In den vorgestellten Profilen liegt der Fokus auf Handlungen und Einstellungen zum NS-Regime. Privates wird nur erwähnt, wenn es für die Haltung zum NS-Regime von Relevanz ist. Recherchegrundlage für diese Datenbank waren bereits vorhandene wissenschaftliche Veröffentlichungen (z. B. von der KZ-Gedenkstätte Neuengamme und dem Institut für Zeitgeschichte), Biographien, Sammelbände und Dissertationen zu Hamburg im Nationalsozialismus, aber auch in diversen Fällen Entnazifizierungsakten und andere Akten und Dokumente, die im Staatsarchiv Hamburg zur Verfügung stehen. Für die Adressenrecherchen wurden die digitalisierten Hamburger Adressbücher von 1933 bis 1943 der Staats- und Universitätsbibliothek genutzt. Trotz größter Sorgfalt beim Zusammentragen der Daten, ist es dennoch möglich, dass Schreibweisen von Namen variieren und Lebensdaten fehlerhaft sind. In den Profilen und den Beschreibungen der Funktionen sowie des „Wirkens“ des Dabeigewesenen konnte nicht komplett auf das NS-Vokabular – der Sprache der Täter – verzichtet werden, dennoch wurde versucht, diesen Anteil gering zu halten und neutralere Umschreibungen zu finden.
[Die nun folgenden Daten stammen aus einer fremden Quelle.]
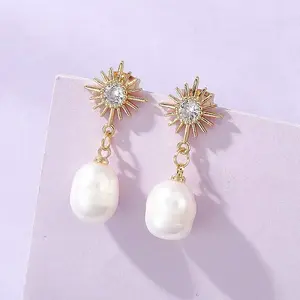 Sun Natural Cultured Freshwater Pearl Dangle Stud Earrings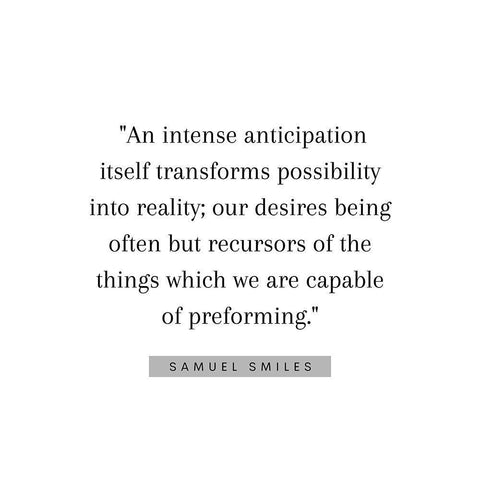 Samuel Smiles Quote: Reality White Modern Wood Framed Art Print with Double Matting by ArtsyQuotes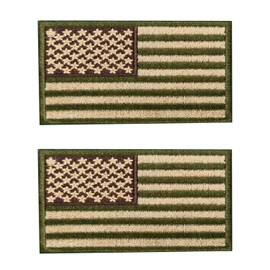 Multicam Tactical Patches of US American Flag 2 Pcs Hook and Loop Patches Sew On Embroidered American Flag Patch Applique for Backpacks Caps Hats Jackets Pants Rectang Military Army Uniform Emblems
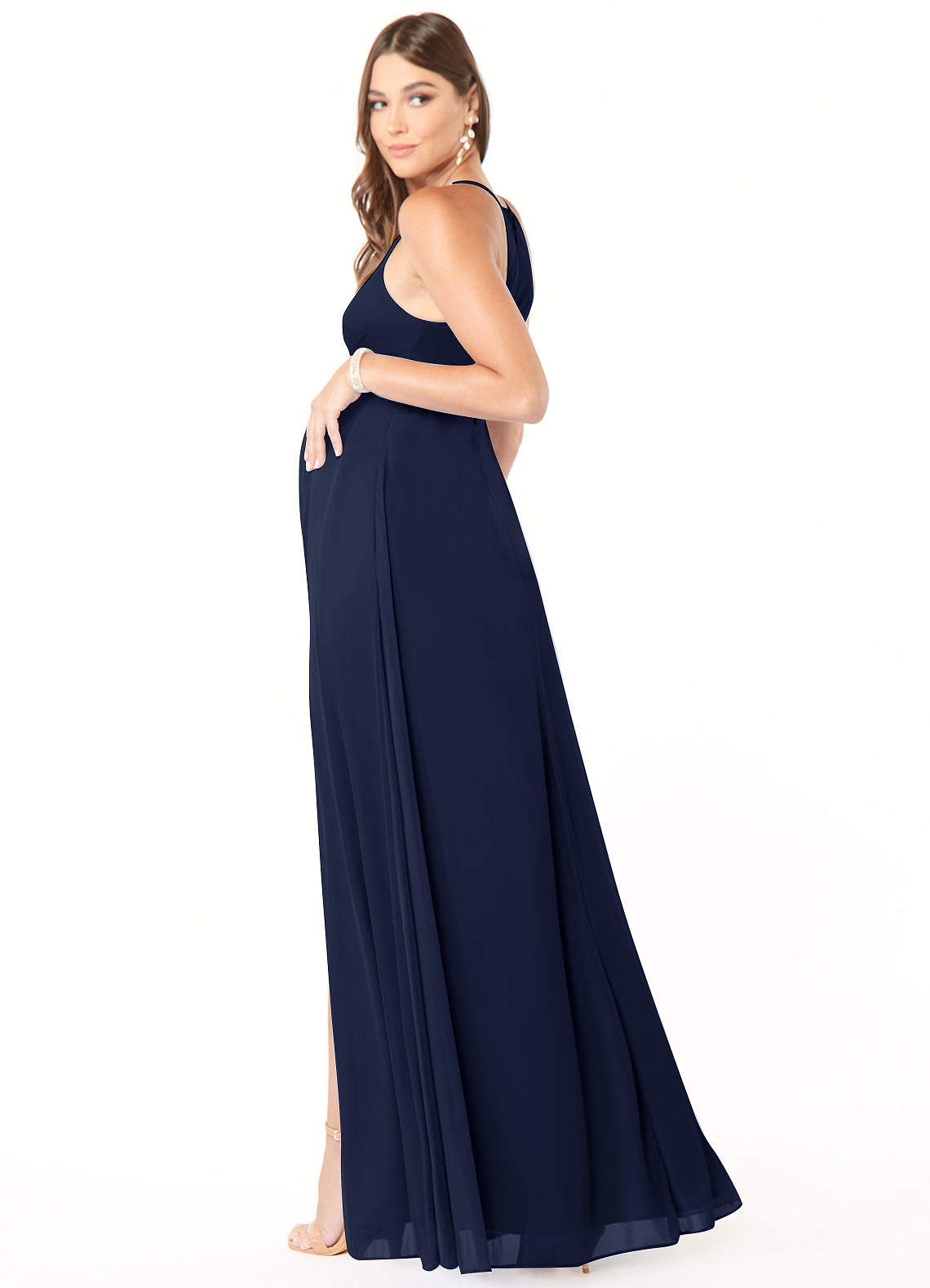 Azazie Annabelle Probar vestidos en casa Vestido de Corte en A Cuello en V plisado Hasta el suelo Malla image4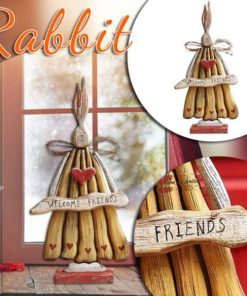 Wooden Retro Easter Bunny Outdoor Ornament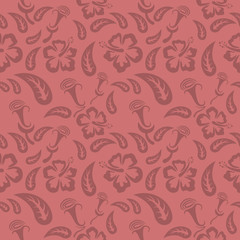 Seamless red floral  pattern,  vector. Endless texture can be used for wallpaper, pattern fills, web page  background,  surface textures and fabrics.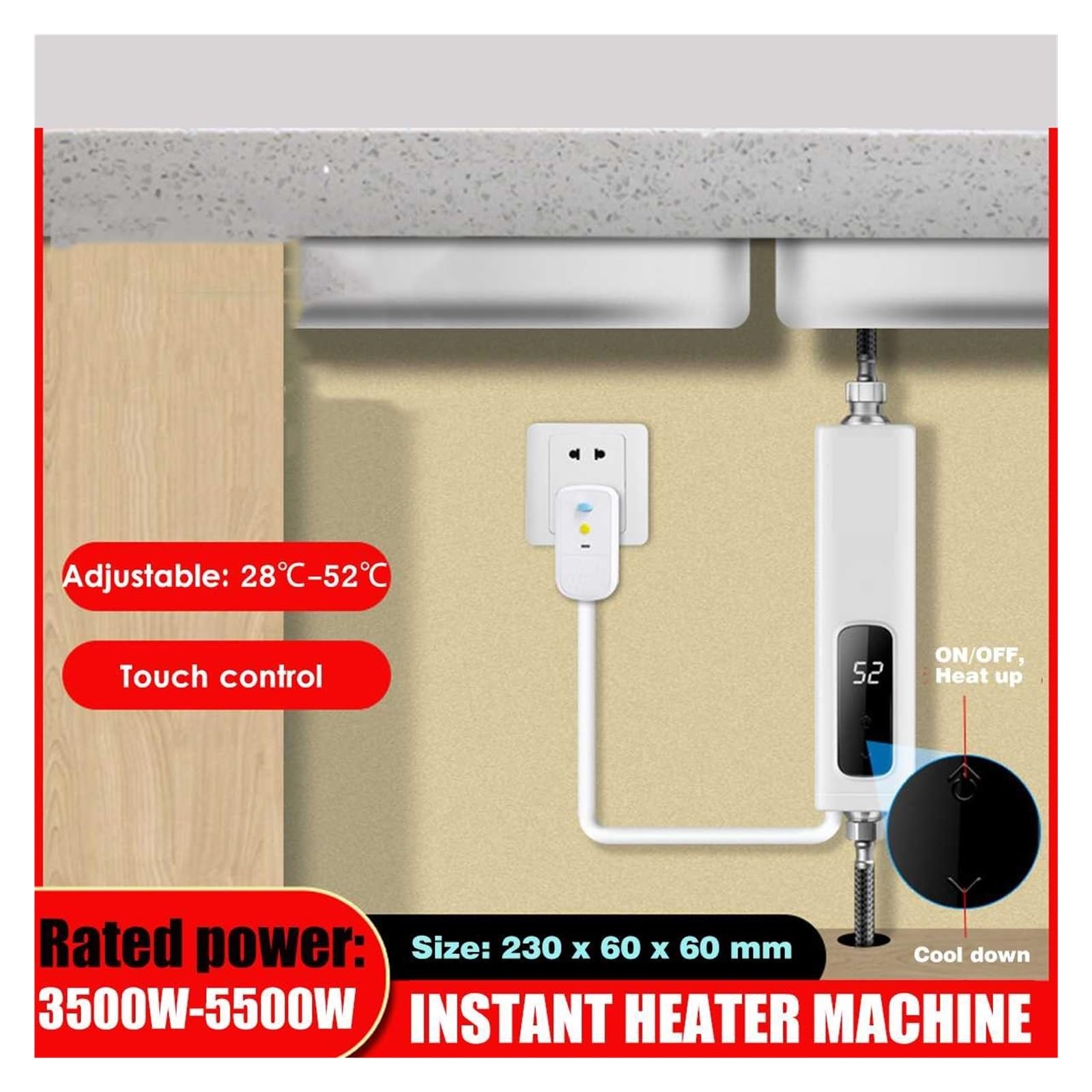 Scaldabagno Elettrico 3500W Mini Scaldabagno Istantaneo Senza Serbatoio Impermeabile Cucina Bagno Doccia Acqua Calda Riscaldamento Rapido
Die meisten der aufgeführten Personen wurden schnell nach Kriegsende durch die Entnazifizierungsstellen als entlastet eingestuft, sie mussten sich selten vor Gericht verantworten oder sie wurden aufgrund von Verjährung ihrer Taten nicht juristisch verurteilt. So stellt Can Bozyakali in seiner Dissertation z. B. zum Sondergericht am Hanseatischen Oberlandesgericht fest, dass auch in Hamburg bis Anfang der 1950er Jahre 63% aller Justizjuristen, die am Sondergericht tätig gewesen waren, wieder in den Justiz-Dienst eingestellt wurden. „[…] anhand dieser Werte [kann] von einer ‚Renazifizierung‘ gesprochen werden.“ 5)

Dr. Rita Bake, Dr. Brigitta Huhnke, Katharina Tenti (Stand: Anfang 2016)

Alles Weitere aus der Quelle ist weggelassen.